Generally yes, its about the same as riding, though the horse will be using different muscles. I started ground driving my mare at two and a half (only because of handling problems, she was untouched when I got her. You could start ground driving today if you wanted to!), had her dragging shafts but no cart at just-turned three, and at about three and a half I very lightly started her to cart. We only walked, often when me behind the vehicle and not in it. When she was almost four I started asking for a more powerful walk and some light trotting. From 3-4 I tried to keep sessions below 30 or 40 minutes. Now she's four and a half, and I'm asking a lot more of her. She's just come off of a long break but we're already working a lot on correct carriage, collection, stronger trotting, and a bit of light hill work. We go anywhere from 30 minutes to an hour. I won't be attempting to canter her until she is 5 though, and only then very, very lightly.

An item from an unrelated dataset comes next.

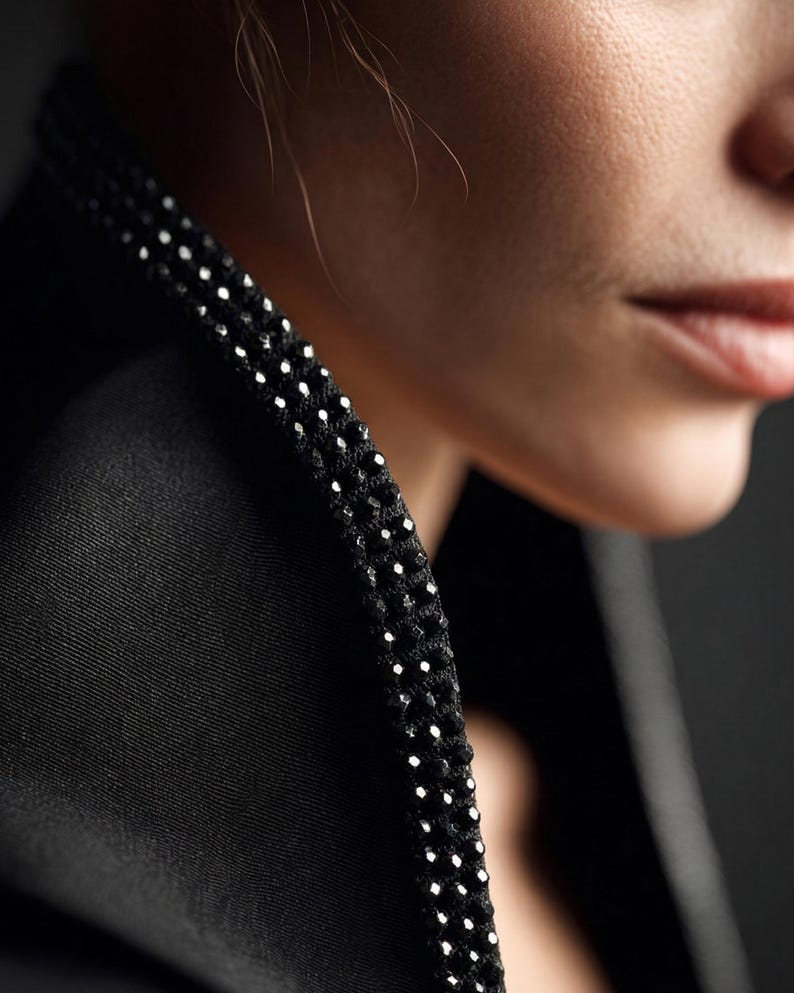 May include: Close-up of a black jacket collar with a beaded trim. The trim is made of small, white, reflective beads. The jacket is made of a smooth, dark fabric. The background is dark and out of focus.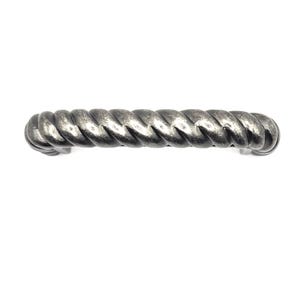 Può includere: Una maniglia per mobili in metallo argentato e attorcigliato. La maniglia ha un design a forma di corda ed è lunga circa 15 cm. L'hardware ha una finitura anticata ed è posto su uno sfondo bianco.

I try not to ask for more than 10-15 minutes of straight trotting at once either, and won't until she's 5 or 6 because her spine will not close up until then. That is merely personal preference though.

By the way, I LOVE your mare's bridle in your avatar! Classy and elegant looking, but fun.


----------



## ButtInTheDirt (Jan 16, 2011)

You can pretty much start training from the day they are born. Get them used to ropes, pressure, and even noises behind them. Lessons in their early years should be untaxing and not asking for much forward movement for long periods. Ground driving starting at age two, then you have a year to perfect it before lightly starting them at three. If you get them in cart at three I would say only pull light vehicles or small branches/tires. Most horses should be plenty mature by age four to start being worked more for longer sessions. It is important to build your filly's trust in you and confidence before expecting her to walk out in front of you. Some horses take a while to understand the concept of walking in front of a person, or just lack the confidence to lead. As long as you do not ask too much too soon, you should be fine. If your filly is unsure or isn't confident then there is no reason you cannot continue practicing until she gets better before moving on. If she seems bored, just go over it briefly to make sure she understands then move on.

I very much agree with "foundation before specialization". Perfecting her manners with ground work is very important, and if you leave gaps in that initial training, they will come back to haunt you. Also, age doesn't matter as much as what they are mentally able to do. Some horses, even if worked from early on, may not be ready for the vehicle until years down the road. [No pun intended. ]

Good luck, training a horse is always a learning experience, and very worthwhile. c:


----------